Wednesday, July 22, 2020

Tappan-Zee

I stepped off the train and walked straight into oblivion. It takes days to unravel what Spring wound up, the stress of a city under siege sits in my muscle memory and I dare not trust the cool grass under my bare feet. We pack up the car and drive winding roads into the forest, lose reception, lose electricity, find a small glen with our names on it, build a little home for a few days. I swim in a quiet lake every day, wake to birdsong at dawn. We make fires at night, roast marshmallows and watch the sun set across the ridge. I run around the lake, trekking through forests that look like my childhood and I have just as much fun making it an obstacle course adventure now as in my youth, and perhaps that's what nature is. Permission to let yourself play. Permission to believe the whole world is an undiscovered piece of clay between your fingers, that you are insignificant and singular all at once. Perhaps it's only chemical and we never ventured further from our maker than that it will forever call us to it.

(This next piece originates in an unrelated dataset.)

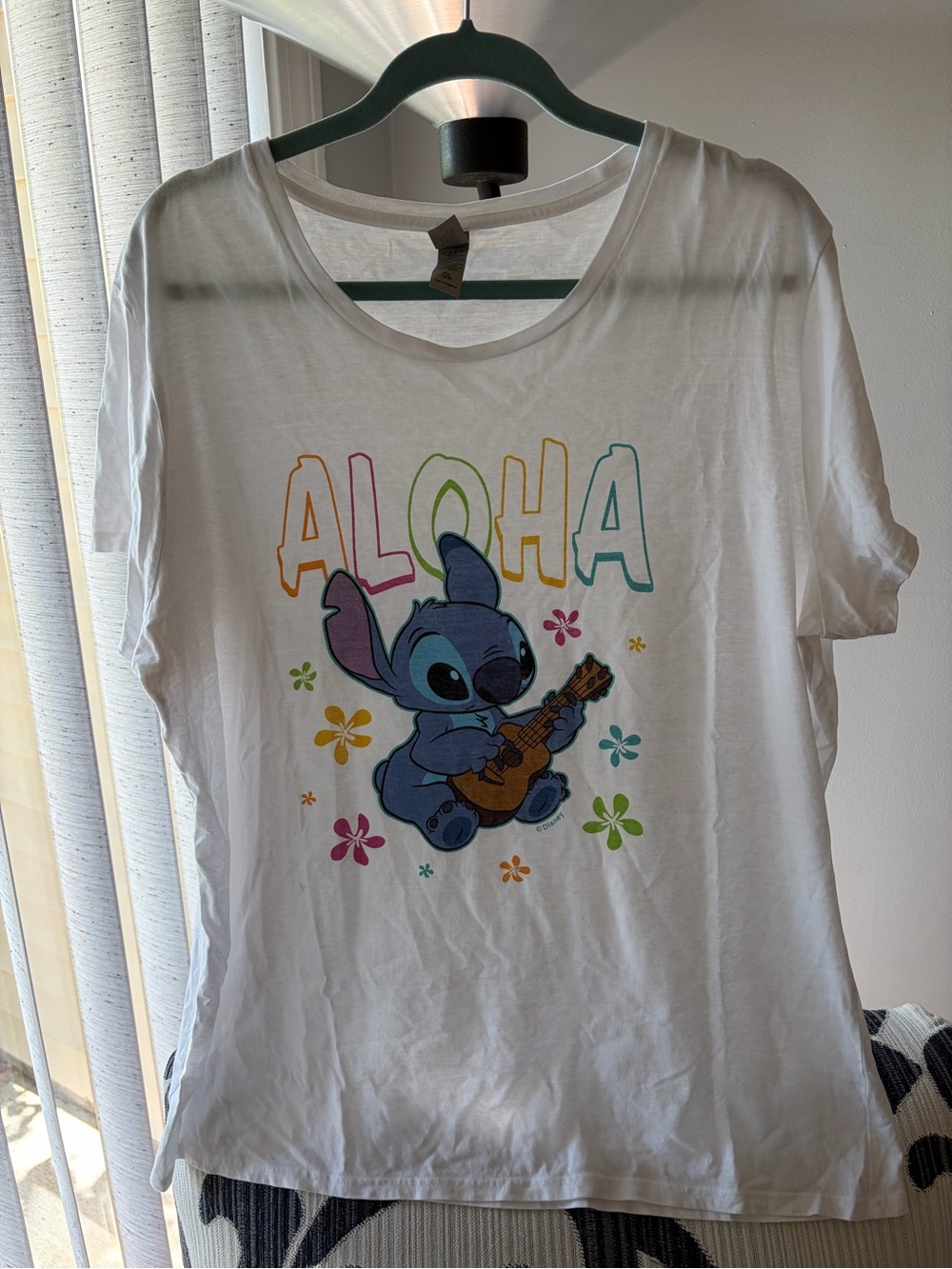 Disney’s Stitch "Aloha" White Women’s Tee 1X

On the way back, I select a seat with a view of the river. Watch it lazily snake its way to the ocean, sometimes impossible to distinguish from when the first people settled here, wild and overgrown and comforting. I return to a steaming cauldron of iron and glass, return to concrete and hustle. But I have air in my lungs now I haven't felt in months. I have summer in my skin that will not wash off in the tub.